In one embodiment of the present invention, the function is a multirate partial differential equation (MPDE). Those skilled in the pertinent art are familiar with MPDEs and their solutions.
In one embodiment of the present invention, the numeric analyzer analyzes the function by performing a Fourier transform thereon. Those skilled in the pertinent art are familiar with Fourier transforms and their use in analyzing oscillators in a frequency domain. Of course, the present invention also encompasses time-domain analysis.
In one embodiment of the present invention, the frequency-modulated waveform comprises a plurality of voltage samples. Alternatively, the waveform may be represented by an equation.
In one embodiment of the present invention, the oscillator is a forced oscillator. Alternatively, the oscillator may be unforced. The present invention provides a general method of solution for both forced and unforced oscillators.

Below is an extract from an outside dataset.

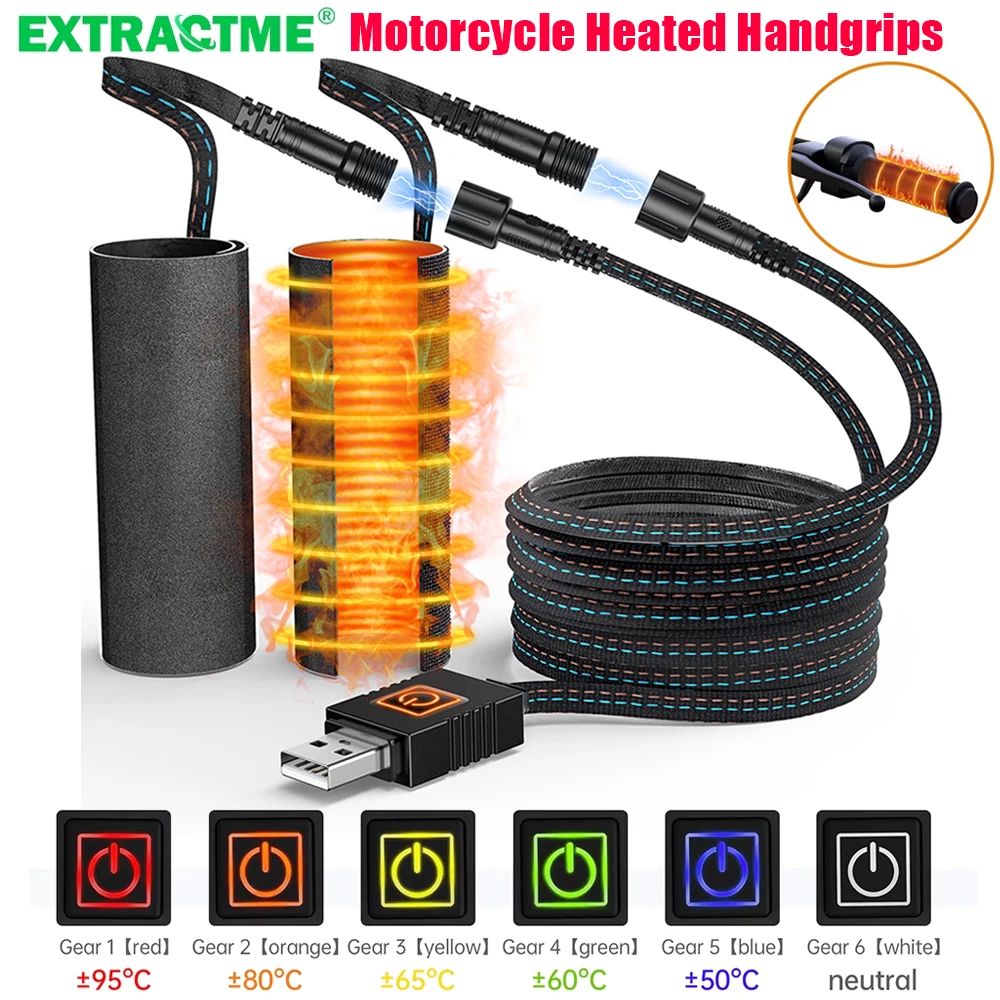

Extractme мотоциклетные ручки с подогревом 5 В USB 6 передач, грелка с электрическим подогревом, антивибрационная противоскользящая наборы для быстрого нагрева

In one embodiment of the present invention, the oscillator is a voltage controlled oscillator. Of course, those skilled in the pertinent art will perceive a wide variety of electrical, mechanical, gravitational and biological applications for the system and method of the present invention.
The foregoing has outlined, rather broadly, preferred and alternative features of the present invention so that those skilled in the art may better understand the detailed description of the invention that follows. Additional features of the invention will be described hereinafter that form the subject of the claims of the invention. Those skilled in the art should appreciate that they can readily use the disclosed conception and specific embodiment as a basis for designing or modifying other structures for carrying out the same purposes of the present invention. Those skilled in the art should also realize that such equivalent constructions do not depart from the spirit and scope of the invention in its broadest form.